En l’espèce, il ressort des pièces produites par la demanderesse et notamment de l’offre préalable de crédit du 20 octobre 2022, du tableau d’amortissement initial, de l’historique du compte du détail de la créance au 4 février 2026 que la créance de la société FRANFINANCE est établie.
Elle s’élève donc à 17309,35 euros, correspondant au capital emprunté depuis l’origine, soit 20000 euros, après déduction de la totalité des versements réalisés, soit en l’espèce 2690,65 euros, sous réserve des versements postérieurs et/ou non pris en compte dans le décompte arrêté au 4 février 2026.
En conséquence, il convient de condamner Madame [Y] [X] au paiement de cette somme.
Sur les intérêts
En ce qui concerne l’intérêt au taux légal tel que prévu aux articles 1231-6 et 1231-7 du code civil, il importe de rappeler que l’article 23 de la directive 2008/48 du Parlement européen et du Conseil concernant les contrats de crédit aux consommateurs prévoit que les Etats membres définissent le régime de sanctions applicables en cas de violation des dispositions nationales adoptées conformément à ladite directive, et prennent toutes les mesures nécessaires pour faire en sorte qu’elles soient appliquées. Les sanctions doivent être effectives, proportionnées et dissuasives.

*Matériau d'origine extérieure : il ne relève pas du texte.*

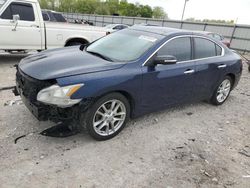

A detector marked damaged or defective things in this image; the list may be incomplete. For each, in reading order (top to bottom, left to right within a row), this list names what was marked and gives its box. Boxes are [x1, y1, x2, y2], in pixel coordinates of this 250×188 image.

damaged front end [13, 67, 92, 122]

En application de ce dernier principe, la Cour de justice de l’Union Européenne a précisé, le 27 mars 2014 (affaire C565/12, SA Crédit Lyonnais c/[Y] [N]) que l’article 23 précité impliquait que la juridiction, pour apprécier ce caractère dissuasif, compare dans les circonstances de l’affaire dont elle est saisie, les montants que le prêteur aurait perçus en rémunération du prêt dans l’hypothèse où il aurait respecté ses obligations légales, avec ceux qu’il percevrait en application de la sanction de la violation de ces mêmes obligations ; que, s’il est constaté au vu des circonstances spécifiques de l’espèce, que l’application de la sanction de la déchéance du droit aux intérêts conventionnels est susceptible de conférer un bénéfice au prêteur, il doit constater que manifestement, le régime de sanctions en cause n’assure pas un effet réellement dissuasif à la sanction encourue, et a dans ce cas la possibilité d’écarter une norme de droit interne contraire aux normes communautaires.
En l’espèce, la nullité du contrat a été prononcée en raison du non-respect par le prêteur de l’interdiction de débloquer les fonds dans un délai de sept jours. Le taux d’intérêt légal est de 2,62 % au 1er semestre 2026. L’application de ce taux d’intérêt légal et de la majoration de 5 points encourue en application de l’article L313-3 du code monétaire et financier est ainsi de nature à priver la sanction de la nullité du contrat imputable au prêteur de son caractère dissuasif.
En conséquence, il convient d’écarter toute application des articles 1231-6 et 1231-7 du code civil et L 313-3 du code monétaire et financier et de dire que la condamnation ne produira aucun intérêt, même au taux légal, ni ne sera majorée de cinq points passé le délai de deux mois.
Dès lors que la somme ne produit pas intérêt, la demande de capitalisation des intérêts, au surplus interdite en matière de crédits à la consommation, sera nécessairement rejetée.
Sur la nullité de l’acte de cautionnement
L’article 2293 du code civil dispose : « Le cautionnement ne peut exister que sur une obligation valable. Néanmoins, celui qui se porte caution d’une personne physique dont il savait qu’elle n’avait pas la capacité de contracter est tenu de son engagement ».
En l’espèce, le cautionnement consenti par Madame [B] [K] est accessoire au contrat principal de crédit à la consommation ; dès lors que le contrat de crédit est nul, le contrat de cautionnement devient sans objet.
En conséquence, les demandes dirigées contre Madame [B] [K] seront rejetées.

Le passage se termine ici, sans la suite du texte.